City Council Speaker Christine Quinn may be a tough broad, but she assured Monday night that she doesn’t think it’s necessary to be a “raving lunatic bitch all the time.”
Ms. Quinn, the early frontrunner in the race for mayor, was the keynote speaker at FORTUNE Magazine’s Most Powerful Women event at the Time Warner Center–a gathering of some most accomplished female leaders in the nation.
At one point, Pattie Sellers, senior editor-at-large of the magazine, asked Ms. Quinn about a recent New York Times story that described the famously brash redhead as “controlling,” “temperamental,” “hot-headed,” “pushy,” “bitchy,” “brassy” and “aggressive.” “Are you comfortable with all those words?” Ms. Sellers asked.
“Pretty much,” replied a deadpan Ms. Quinn, winning her loud applause.
In fact, Ms. Quinn touted her no-nonsense temperament as exactly what the city needs as she works to become the city’s first female–and openly gay–mayor.
“Look, I’m tough and you know what? New Yorkers deserve that,” she said. “They work head, they fight it out, they slug it out. And they deserve a mayor or a speaker who’s going to do the same … I’m just not gonna let up until I know I’ve done absolutely everything I can for New Yorkers. Now look, that doesn’t mean you have to be a raving, lunatic bitch all the time.”

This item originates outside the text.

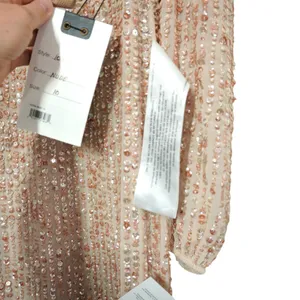 Mac Duggal Pink Nude Sequin V-Neck Long‎ Sleeve Midi Dress Size 10 NWT Formal thumbnail 8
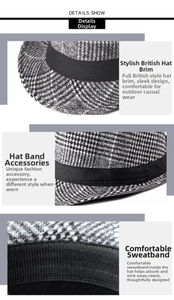 Detail view of plaid fedora hat showing sturdy brim, black band, and inner sweatband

Ms. Quinn, whose overwhelming laugh (amplified by the acoustics in the room) seemed to throw the crowd off-guard at first, quickly won them back as spoke about her upbringing in Long Island and her beloved father, drawing “aws”s as she described his role as an “unpaid and unlistened to adviser” at City Hall. Her oft-told story about her grandmother’s escape from the Titanic as a young girl also drew applause and audible gasps. (One woman’s jaw literally dropped.)

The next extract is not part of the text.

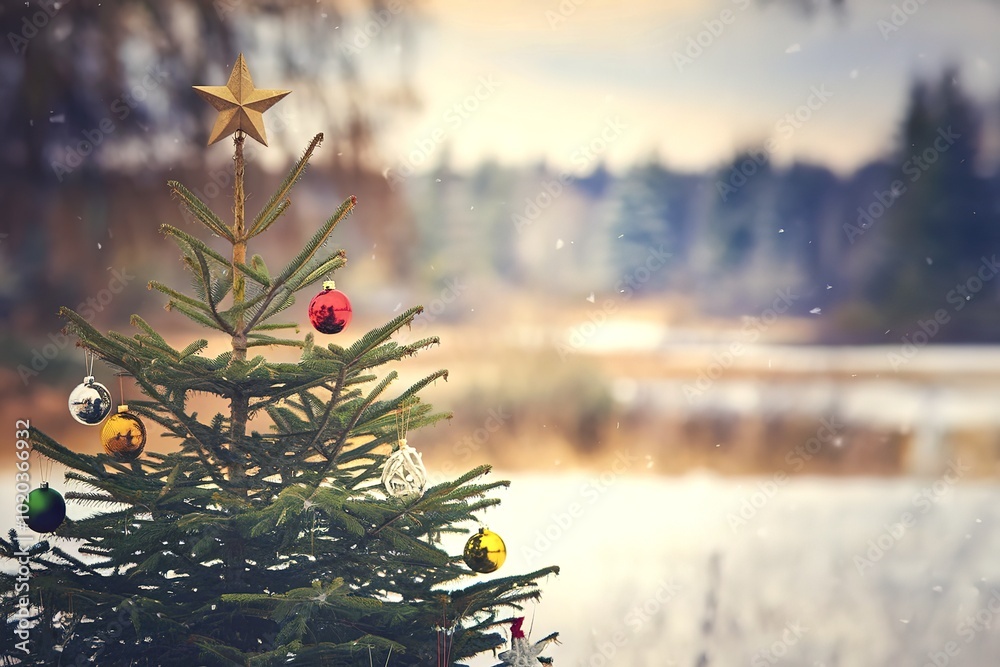 a Christmas tree with decorated ornaments and lights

Growing up with a sick mother who died of cancer when she was 16, Ms. Quinn said she learned that time could never be wasted. “So you really wanna get it done, right now! Get it done! Get it done! So you’re not like patient at all. Which can be way annoying if you work for me, but way effective in getting things done,” she said.
Ms. Quinn said that she used to worry about how people responded to her brashness, but gave up over-analyzing years ago.

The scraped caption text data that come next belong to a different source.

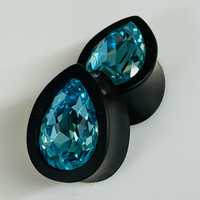 Ebony Swarovski Small Aqua Teardrop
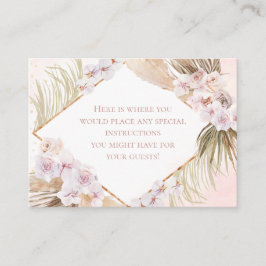 Cartão De Informações Lush Pink e Dourado Watercolor Floral
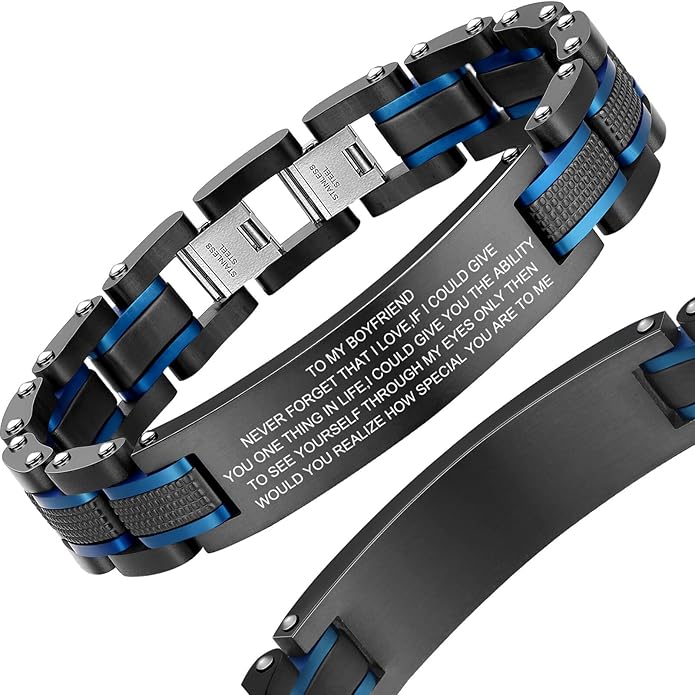 Holizaly Men's Stainless Steel Two Tone Square Link Bracelet, Black and Blue Ion Plated Black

“I’m tough, I’m pushy, I’m really loud,” she said, matter-of-factly. “I used to spend a lot of time thinking about it. But we only have so much brain capacity, so if I’m spending part of my brain thinking about how I’m acting, A, I’m not spending all of my brain doing and B, I’m not actually in that moment,” she said.
“And if you don’t like me, life goes on, you know what I mean? But I hope you do like me,” she said. “Because I think that in addition to being pushy, I’m nice.”
She also shared some advice learned on the job, hammering out budget deals with the mayor and local unions.
“You don’t have to have all the answers all the time. But the best thing to know is what you don’t know,” she said. “Don’t bullshit it if you don’t know it. Just get somebody who does and you can usually then get to a solution.”